Volume 26, Issue 6 (November 1998)
Effect of Construction Adhesive and Joist Variability on the Deflection Behavior of Commercial Wood Floors
A total of 19 440 virtual structural floors of a geometry and material configuration consistent with those used in commercial construction (commercial floors) throughout North America was numerically analyzed to determine deflection characteristics under a constant uniformly distributed load of 95 lbf/ft2 (4.55 kPa). The intent of these analyses was to determine the effect of joist variability on the deflection behavior of floors with and without elastomeric construction adhesive (ECA) between sheathing and joists. The joist property (modulus of elasticity, MOE) was allowed to vary in a systematic fashion between 1250 (8.62) and 3250 (22.4) ksi (MPa) in increments of 250 ksi (1.72 MPa). In addition, the variability of the joists (at each value of MOE) varied between coefficient of variation (COV) values of 0.025 to 0.150 in increments of 0.025. One hundred eighty floors were evaluated with and without ECAs at each mean MOE value and at each COV value for the joists. All other sheathing and connector properties remained constant.

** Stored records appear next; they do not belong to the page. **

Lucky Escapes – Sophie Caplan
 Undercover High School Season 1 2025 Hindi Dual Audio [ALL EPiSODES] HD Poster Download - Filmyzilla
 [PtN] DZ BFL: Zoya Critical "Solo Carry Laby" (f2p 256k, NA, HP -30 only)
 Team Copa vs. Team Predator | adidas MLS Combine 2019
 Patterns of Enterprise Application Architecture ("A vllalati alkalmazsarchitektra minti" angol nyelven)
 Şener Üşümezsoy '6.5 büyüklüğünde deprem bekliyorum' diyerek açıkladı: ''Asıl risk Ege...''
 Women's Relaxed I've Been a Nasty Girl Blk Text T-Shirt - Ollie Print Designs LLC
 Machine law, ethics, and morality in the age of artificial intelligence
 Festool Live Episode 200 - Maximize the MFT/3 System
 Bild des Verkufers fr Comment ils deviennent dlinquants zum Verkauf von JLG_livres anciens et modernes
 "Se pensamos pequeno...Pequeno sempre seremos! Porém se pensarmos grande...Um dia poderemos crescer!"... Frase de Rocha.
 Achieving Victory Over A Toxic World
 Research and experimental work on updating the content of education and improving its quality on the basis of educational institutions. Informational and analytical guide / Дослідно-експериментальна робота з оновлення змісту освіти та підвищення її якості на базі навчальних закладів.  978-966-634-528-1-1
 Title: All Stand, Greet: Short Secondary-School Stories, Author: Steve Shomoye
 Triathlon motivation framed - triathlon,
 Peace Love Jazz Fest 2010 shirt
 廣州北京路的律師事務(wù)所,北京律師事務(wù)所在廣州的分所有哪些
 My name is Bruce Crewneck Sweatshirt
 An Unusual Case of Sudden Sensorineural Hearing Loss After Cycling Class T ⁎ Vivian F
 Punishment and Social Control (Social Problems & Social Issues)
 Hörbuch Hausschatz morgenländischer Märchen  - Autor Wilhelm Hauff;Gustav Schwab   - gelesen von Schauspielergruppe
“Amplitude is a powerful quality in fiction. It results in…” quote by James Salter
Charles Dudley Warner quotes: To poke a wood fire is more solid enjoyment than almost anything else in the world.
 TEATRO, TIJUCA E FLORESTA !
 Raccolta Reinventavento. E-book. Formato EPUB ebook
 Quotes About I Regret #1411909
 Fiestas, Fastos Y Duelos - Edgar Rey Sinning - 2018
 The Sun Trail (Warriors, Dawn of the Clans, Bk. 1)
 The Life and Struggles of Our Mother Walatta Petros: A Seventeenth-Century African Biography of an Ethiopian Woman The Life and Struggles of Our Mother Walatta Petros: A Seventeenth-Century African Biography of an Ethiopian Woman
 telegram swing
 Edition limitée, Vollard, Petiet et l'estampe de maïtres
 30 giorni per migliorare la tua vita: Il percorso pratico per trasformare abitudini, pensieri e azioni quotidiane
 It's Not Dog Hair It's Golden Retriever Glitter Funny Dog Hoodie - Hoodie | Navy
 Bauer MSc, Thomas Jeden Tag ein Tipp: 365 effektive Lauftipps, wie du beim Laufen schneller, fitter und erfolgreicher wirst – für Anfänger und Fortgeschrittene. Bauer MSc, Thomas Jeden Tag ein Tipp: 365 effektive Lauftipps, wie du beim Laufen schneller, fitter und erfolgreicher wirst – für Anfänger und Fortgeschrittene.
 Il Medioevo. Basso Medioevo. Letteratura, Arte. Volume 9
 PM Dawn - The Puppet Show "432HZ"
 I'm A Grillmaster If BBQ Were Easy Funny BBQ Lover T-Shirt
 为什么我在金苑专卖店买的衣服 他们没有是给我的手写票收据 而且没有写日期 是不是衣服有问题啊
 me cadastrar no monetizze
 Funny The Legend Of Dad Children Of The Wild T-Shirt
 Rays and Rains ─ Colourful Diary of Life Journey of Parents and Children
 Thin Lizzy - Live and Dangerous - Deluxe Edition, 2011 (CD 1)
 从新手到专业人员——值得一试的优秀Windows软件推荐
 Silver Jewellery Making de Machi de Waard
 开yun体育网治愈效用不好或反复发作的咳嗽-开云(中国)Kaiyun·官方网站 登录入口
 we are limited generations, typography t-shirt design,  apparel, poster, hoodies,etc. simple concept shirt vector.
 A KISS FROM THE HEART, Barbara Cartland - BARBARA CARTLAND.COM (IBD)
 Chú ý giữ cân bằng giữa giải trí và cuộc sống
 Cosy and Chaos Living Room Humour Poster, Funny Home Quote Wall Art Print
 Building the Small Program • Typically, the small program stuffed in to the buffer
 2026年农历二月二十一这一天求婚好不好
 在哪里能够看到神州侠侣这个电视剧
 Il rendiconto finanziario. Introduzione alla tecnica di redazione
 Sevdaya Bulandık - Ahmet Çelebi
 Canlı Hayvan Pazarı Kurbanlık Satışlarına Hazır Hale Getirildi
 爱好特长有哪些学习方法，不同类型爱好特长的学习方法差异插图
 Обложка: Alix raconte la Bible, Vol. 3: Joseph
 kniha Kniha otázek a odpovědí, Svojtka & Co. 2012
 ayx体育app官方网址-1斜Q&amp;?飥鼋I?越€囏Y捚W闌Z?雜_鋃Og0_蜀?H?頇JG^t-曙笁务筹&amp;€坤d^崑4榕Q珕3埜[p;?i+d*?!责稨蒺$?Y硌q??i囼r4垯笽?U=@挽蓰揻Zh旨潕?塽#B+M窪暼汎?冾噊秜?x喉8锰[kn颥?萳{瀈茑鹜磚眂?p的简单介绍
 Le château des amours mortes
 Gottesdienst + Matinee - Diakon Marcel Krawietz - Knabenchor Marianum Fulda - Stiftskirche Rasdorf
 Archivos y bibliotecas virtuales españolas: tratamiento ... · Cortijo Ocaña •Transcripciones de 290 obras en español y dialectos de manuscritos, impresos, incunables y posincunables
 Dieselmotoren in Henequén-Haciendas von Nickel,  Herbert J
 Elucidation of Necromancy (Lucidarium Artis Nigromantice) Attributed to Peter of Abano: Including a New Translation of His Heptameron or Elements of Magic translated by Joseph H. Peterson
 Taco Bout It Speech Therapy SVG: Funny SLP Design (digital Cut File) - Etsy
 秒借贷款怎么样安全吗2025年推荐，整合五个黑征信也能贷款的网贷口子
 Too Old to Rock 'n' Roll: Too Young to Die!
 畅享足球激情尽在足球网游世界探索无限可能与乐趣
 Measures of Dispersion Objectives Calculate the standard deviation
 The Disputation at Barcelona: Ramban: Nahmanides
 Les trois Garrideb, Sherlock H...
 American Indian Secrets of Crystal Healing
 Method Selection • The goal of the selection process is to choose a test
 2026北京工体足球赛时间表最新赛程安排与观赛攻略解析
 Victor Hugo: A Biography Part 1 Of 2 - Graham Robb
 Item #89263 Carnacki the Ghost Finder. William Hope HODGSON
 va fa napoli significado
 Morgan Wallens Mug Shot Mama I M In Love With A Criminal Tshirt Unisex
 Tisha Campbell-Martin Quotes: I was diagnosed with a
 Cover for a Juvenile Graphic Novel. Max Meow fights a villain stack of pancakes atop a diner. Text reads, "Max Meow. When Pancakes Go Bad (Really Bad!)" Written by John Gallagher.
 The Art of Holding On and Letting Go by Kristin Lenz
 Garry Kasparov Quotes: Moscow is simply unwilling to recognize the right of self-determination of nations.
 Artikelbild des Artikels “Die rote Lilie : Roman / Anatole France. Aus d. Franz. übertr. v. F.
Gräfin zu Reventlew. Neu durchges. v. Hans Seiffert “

The results indicated that the contribution of the ECA to reducing floor deflection under uniformly distributed loads was dependent in large part on the mean stiffness of the floor joists and to a much lesser extent on the COV of the joists. For joists of lower stiffness, the contribution of ECA had a more pronounced effect on mitigating the floor deflection level. Reductions of nearly 10% were realized when the mean joist MOE was 1250 ksi. For floors made with stiffer joists (mean MOE 4 3250 ksi), floor deflections were reduced by only about 5.5% when adhesive was used. The presence of ECA between joist and sheathing did not have much effect on reducing the variability of floor deflection behavior.